Exercise | Among the entries below, only the lines starting at the one with "Coach 粉色化妝包" and ending at the one with "paw icon inside", both included, are to be printed exactly.

Supplied records |
========================

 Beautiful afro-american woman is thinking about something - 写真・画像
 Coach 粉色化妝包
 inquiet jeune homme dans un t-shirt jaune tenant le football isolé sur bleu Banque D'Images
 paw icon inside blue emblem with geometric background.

========================

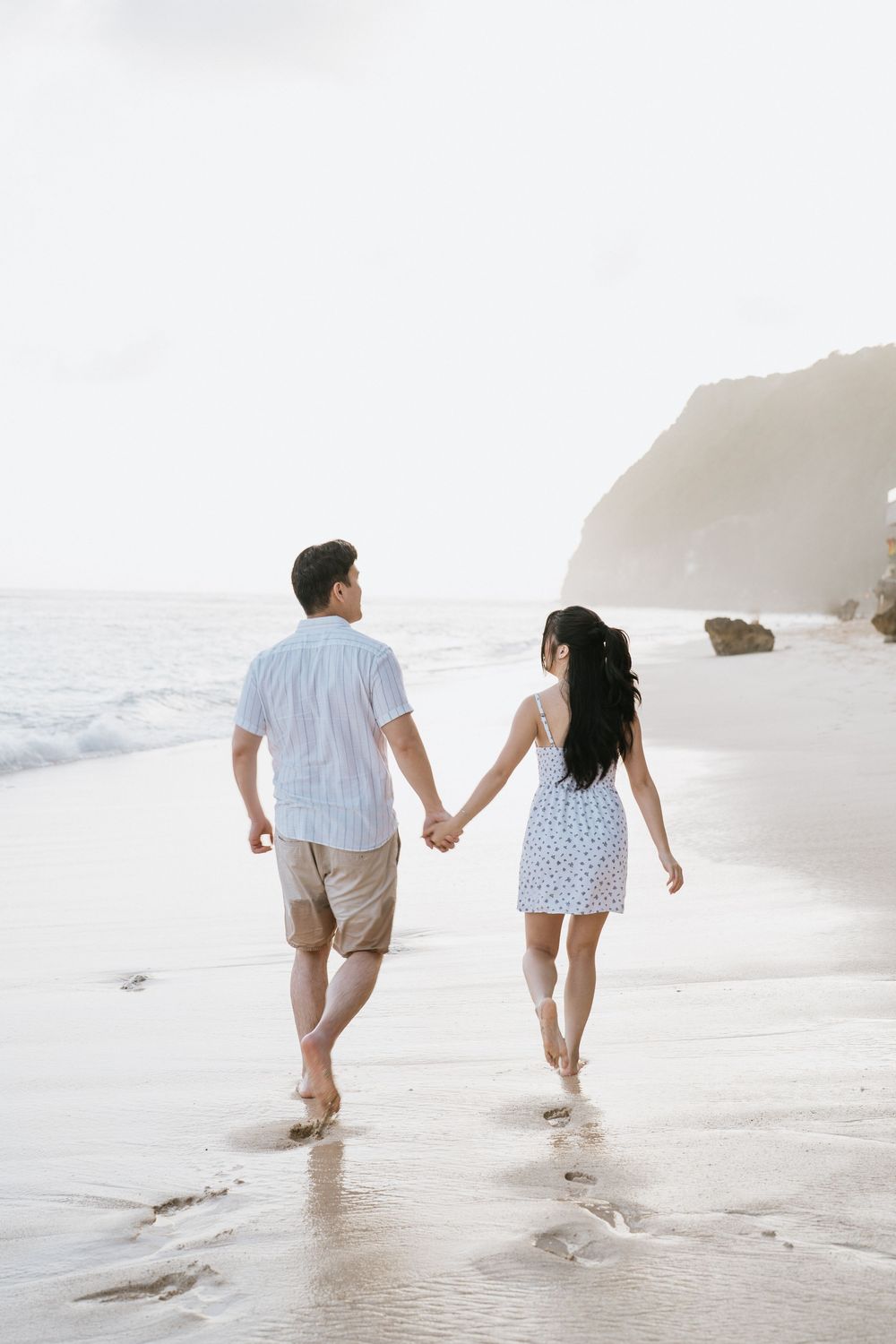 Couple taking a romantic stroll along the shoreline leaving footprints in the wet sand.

========================

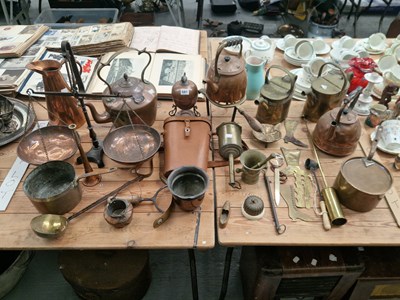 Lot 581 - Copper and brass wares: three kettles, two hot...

========================

Completed task |
 Coach 粉色化妝包
 inquiet jeune homme dans un t-shirt jaune tenant le football isolé sur bleu Banque D'Images
 paw icon inside blue emblem with geometric background.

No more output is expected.